Da una parte è vero che, per le ragioni descritte più sopra, situazioni di disagio sociale ed economico potrebbero spiegare da sole questo gap; dall’altra, vari documenti rilevano come le istituzione giudiziarie trattino più severamente i neri che abbiano commesso un reato, con multe e cauzioni più alte e sentenze più lunghe. Più volte trattamenti discriminatori da parte degli agenti nei confronti delle minoranze sono stati insabbiati nonostante prove incontrovertibili; in molte città (ad esempio a Chicago) spesso l’uso della forza non è inserita nei rapporti della polizia, nonostante le testimonianze di neri ed ispanici provino che l’uso della forza sia una prassi comune anche per controlli di routine.

Tutti sanno che quello di Floyd non è stato il primo, né purtroppo l’ultimo, caso di violenza sproporzionata da parte della polizia negli Stati Uniti, in particolare verso la comunità afroamericana. I progetti Mapping Police Violence e Fatal Force rilevano come siano stati 7663 i cittadini morti durante un fermo della polizia contando solo il periodo 2014-2019. Di questi, prendendo i dati raccolti per gli stessi anni dal sito di statistiche Fatal Encounters, le persone di colore sono circa 2000: più di un quarto del totale, per un segmento di popolazione che costituisce poco più del 12% della popolazione. Secondo un paper pubblicato dalla National Academy of Science, per un uomo di colore è 2,5 volte più probabile morire a causa degli abusi della polizia rispetto ad un maschio bianco, e la sproporzione aumenta tra i 25 e i 29 anni (2.8-4.1 su 100 mila contro 0.9-1.4 per i bianchi della stessa età).

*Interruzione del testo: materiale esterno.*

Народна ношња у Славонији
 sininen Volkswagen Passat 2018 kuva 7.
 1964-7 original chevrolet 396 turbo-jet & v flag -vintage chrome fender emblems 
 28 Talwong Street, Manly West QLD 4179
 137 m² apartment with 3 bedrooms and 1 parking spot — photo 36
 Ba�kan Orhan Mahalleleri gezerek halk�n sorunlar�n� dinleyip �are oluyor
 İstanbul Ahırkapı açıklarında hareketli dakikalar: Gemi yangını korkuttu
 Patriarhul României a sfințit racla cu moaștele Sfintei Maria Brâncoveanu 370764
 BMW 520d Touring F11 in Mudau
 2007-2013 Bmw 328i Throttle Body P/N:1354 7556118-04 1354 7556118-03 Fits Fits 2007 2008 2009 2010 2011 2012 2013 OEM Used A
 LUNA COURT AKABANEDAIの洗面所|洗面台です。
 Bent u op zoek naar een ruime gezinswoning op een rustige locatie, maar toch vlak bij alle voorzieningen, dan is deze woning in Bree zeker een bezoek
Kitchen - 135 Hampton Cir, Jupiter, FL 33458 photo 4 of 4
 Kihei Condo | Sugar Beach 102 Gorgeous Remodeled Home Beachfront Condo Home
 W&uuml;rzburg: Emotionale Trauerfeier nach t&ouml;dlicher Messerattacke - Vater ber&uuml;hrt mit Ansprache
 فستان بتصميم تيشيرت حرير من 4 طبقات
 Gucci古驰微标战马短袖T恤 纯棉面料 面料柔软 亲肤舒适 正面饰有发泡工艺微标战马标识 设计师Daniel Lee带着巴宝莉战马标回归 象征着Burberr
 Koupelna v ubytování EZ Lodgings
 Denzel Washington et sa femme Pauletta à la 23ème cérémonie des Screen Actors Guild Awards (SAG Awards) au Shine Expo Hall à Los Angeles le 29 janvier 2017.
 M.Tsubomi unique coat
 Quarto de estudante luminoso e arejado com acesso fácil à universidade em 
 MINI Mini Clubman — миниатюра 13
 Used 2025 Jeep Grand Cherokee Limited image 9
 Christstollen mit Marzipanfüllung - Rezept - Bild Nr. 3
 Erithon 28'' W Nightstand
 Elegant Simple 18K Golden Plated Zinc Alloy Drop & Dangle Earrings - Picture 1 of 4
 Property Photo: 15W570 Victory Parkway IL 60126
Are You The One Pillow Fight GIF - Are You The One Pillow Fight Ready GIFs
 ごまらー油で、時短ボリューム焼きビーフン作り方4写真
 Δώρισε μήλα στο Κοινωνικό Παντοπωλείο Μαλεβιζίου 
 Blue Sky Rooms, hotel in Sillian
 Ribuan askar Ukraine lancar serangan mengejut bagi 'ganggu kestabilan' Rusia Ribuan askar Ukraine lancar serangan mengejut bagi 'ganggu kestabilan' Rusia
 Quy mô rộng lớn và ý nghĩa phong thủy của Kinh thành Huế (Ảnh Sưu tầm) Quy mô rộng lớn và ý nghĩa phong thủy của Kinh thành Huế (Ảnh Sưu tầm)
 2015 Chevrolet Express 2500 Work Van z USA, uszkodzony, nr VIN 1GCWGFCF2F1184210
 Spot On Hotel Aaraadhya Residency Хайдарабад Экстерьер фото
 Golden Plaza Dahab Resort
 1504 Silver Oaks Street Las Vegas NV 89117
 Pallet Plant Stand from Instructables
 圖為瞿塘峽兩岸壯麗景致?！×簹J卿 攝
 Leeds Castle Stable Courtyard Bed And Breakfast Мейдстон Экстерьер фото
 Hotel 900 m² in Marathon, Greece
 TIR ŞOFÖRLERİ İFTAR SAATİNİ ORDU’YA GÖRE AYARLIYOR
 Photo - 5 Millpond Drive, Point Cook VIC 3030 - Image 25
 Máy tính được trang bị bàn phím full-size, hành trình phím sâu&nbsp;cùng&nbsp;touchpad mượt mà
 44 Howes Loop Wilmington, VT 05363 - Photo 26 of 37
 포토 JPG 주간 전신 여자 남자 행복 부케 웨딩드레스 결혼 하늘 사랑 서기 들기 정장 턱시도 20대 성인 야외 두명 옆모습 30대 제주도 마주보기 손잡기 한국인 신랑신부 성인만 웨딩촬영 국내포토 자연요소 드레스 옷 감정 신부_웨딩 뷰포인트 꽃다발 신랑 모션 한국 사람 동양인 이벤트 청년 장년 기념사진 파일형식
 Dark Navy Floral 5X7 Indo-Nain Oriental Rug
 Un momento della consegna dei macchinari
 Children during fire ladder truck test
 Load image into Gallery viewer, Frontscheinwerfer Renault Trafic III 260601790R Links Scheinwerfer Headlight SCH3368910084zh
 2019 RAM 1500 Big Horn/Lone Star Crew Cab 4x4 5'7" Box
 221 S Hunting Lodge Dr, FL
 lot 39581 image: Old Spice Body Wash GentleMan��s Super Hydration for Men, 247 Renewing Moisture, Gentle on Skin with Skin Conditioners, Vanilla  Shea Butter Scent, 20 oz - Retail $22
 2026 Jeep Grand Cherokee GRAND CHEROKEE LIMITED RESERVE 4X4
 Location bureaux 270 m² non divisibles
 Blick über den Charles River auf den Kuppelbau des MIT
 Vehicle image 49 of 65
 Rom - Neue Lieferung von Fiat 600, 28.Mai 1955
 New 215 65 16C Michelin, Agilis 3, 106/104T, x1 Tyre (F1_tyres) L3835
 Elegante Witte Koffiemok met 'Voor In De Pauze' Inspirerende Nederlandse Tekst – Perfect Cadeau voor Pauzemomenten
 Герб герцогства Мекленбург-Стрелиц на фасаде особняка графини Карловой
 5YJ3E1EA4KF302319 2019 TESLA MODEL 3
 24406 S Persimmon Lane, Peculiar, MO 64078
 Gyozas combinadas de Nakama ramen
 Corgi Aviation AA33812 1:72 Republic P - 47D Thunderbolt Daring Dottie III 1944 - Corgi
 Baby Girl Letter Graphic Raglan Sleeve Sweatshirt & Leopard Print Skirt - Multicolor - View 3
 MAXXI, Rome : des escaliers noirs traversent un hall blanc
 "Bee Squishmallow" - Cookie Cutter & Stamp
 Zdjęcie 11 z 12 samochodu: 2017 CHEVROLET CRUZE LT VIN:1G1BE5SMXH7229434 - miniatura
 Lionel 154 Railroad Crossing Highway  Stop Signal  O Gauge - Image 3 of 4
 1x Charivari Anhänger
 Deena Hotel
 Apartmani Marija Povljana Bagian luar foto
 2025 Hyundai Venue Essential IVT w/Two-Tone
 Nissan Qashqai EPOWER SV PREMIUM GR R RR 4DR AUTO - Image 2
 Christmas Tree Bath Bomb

Difficoltà economiche, scarsa mobilità sociale, segregazione abitativa, problematiche educative, trattamento ineguale da parte della legge. Sono questi alcuni degli elementi di un sistema che di fatto discrimina la popolazione non bianca ed in particolare la comunità nera negli Stati Uniti. Un razzismo sistematico e sistemico che crea contraddizioni e fratture non ancora sanate nella società statunitense.

A questo punto la domanda è: visto tutto quello che la comunità afroamericana deve sopportare ogni giorno, come possiamo sorprenderci di quello che è accaduto in questi giorni?